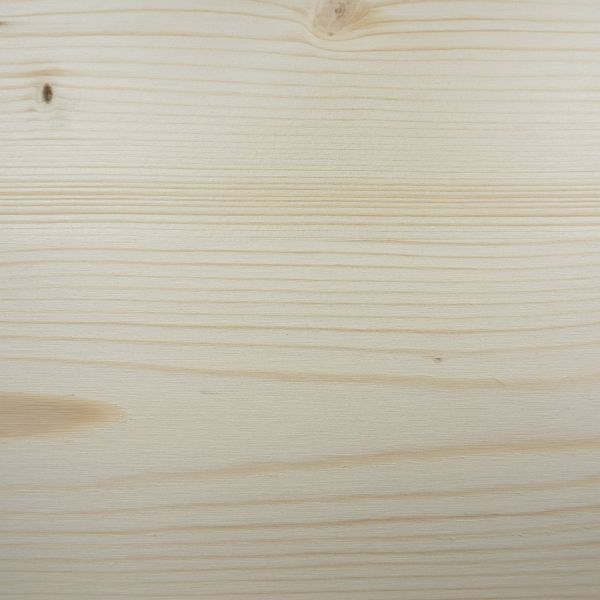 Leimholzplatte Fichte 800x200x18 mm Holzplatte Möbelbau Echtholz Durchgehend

* * *

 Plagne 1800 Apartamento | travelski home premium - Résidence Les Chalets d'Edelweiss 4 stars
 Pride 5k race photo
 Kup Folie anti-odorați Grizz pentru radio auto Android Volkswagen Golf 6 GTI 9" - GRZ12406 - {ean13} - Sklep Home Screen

_Required work_. Everything from the line with "Plagne 1800 Apartamento" through the line with "Kup Folie anti-odorați" in the listing above must be retyped exactly, with nothing added.

_Exercise result_.
 Plagne 1800 Apartamento | travelski home premium - Résidence Les Chalets d'Edelweiss 4 stars
 Pride 5k race photo
 Kup Folie anti-odorați Grizz pentru radio auto Android Volkswagen Golf 6 GTI 9" - GRZ12406 - {ean13} - Sklep Home Screen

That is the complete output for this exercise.